◆ **WHAT TO PRODUCE**: Your task is to copy the stretch of lines in the records below that begins with the line containing "012-polar-bear-feet" and ends with the line containing "Działka rolno-budowlana Grabowo. Zdjęcie 5", exactly as written, with nothing added.
***** MATERIALS PROVIDED
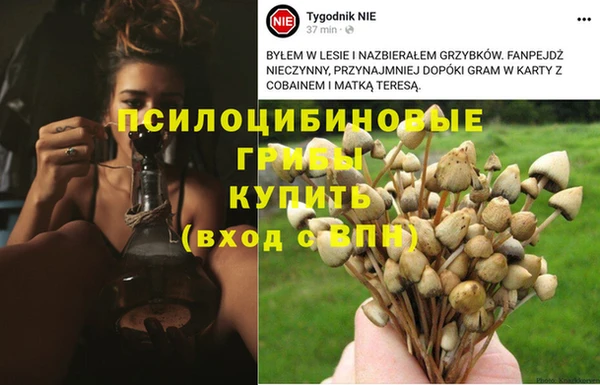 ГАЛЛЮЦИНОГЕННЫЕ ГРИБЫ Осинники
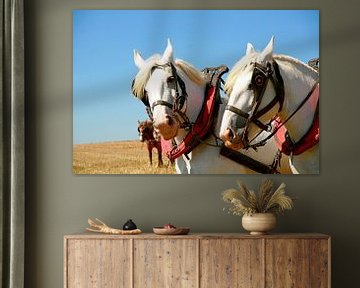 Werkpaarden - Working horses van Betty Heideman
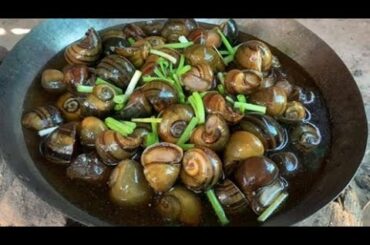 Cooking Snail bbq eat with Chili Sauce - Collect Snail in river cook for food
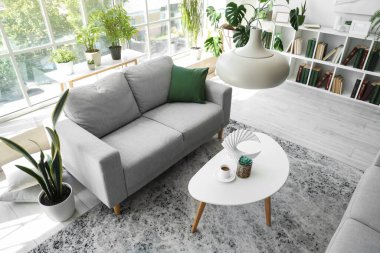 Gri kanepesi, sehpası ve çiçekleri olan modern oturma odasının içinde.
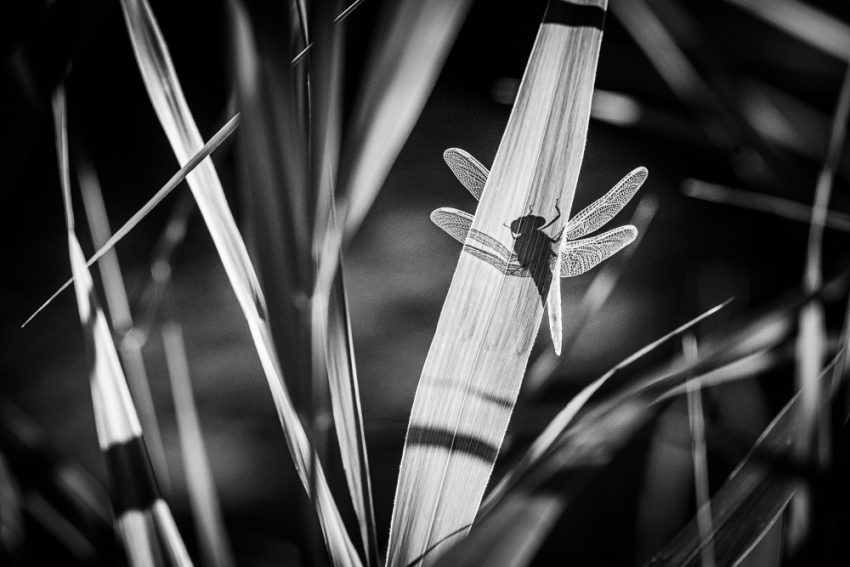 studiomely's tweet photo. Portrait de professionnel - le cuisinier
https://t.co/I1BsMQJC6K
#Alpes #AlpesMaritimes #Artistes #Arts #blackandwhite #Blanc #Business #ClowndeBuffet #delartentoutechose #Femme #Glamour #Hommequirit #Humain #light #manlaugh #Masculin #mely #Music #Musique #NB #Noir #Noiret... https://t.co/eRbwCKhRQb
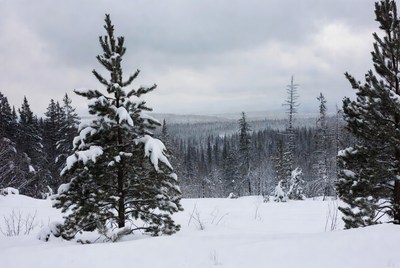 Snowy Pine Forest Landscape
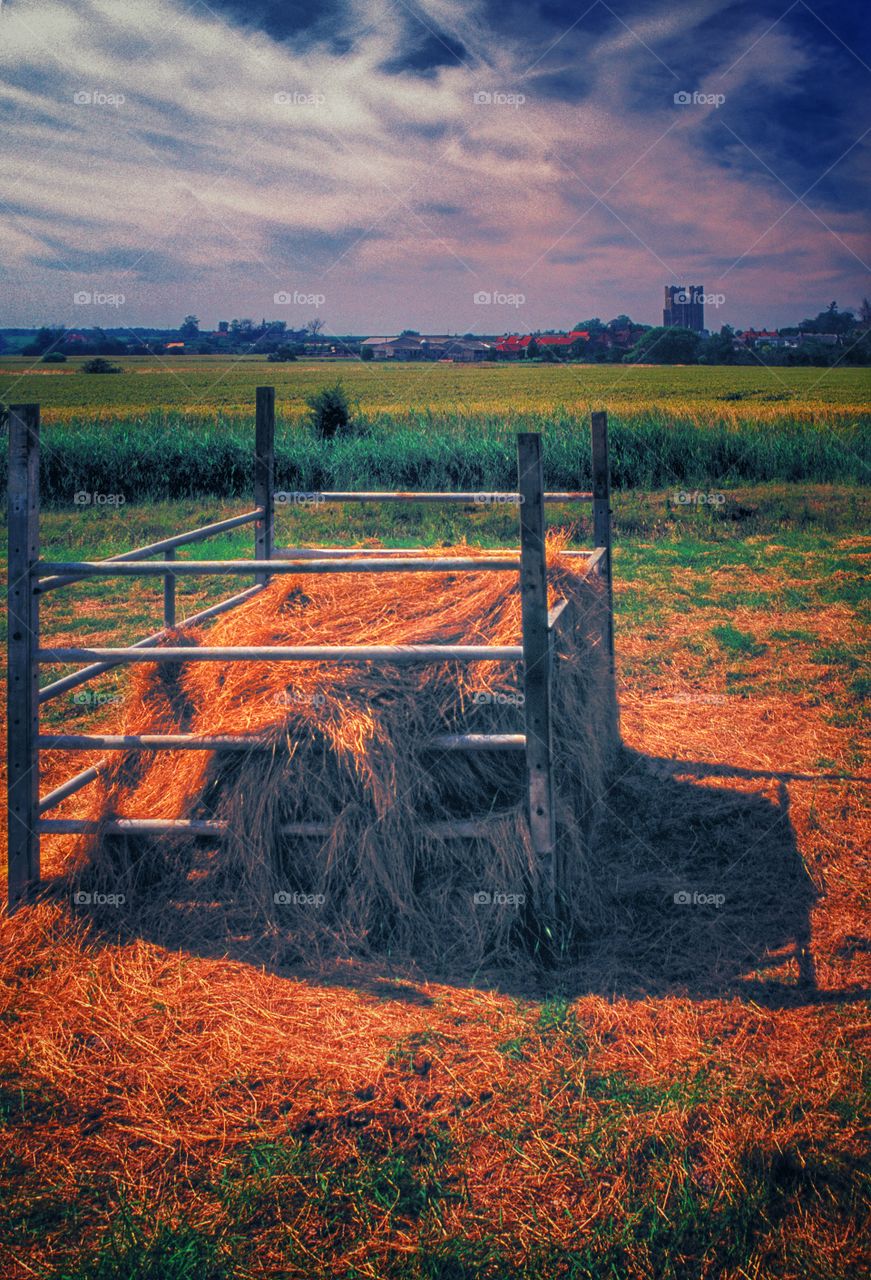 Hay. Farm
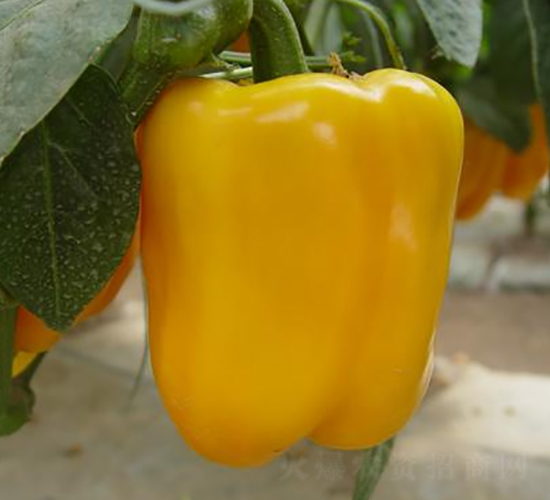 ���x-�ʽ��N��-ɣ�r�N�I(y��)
**********
***** MATERIALS PROVIDED
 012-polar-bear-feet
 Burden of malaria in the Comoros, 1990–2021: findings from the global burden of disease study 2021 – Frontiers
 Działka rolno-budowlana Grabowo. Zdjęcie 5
**********
◆ **RESPONSE TO THIS EXERCISE**:
 012-polar-bear-feet
 Burden of malaria in the Comoros, 1990–2021: findings from the global burden of disease study 2021 – Frontiers
 Działka rolno-budowlana Grabowo. Zdjęcie 5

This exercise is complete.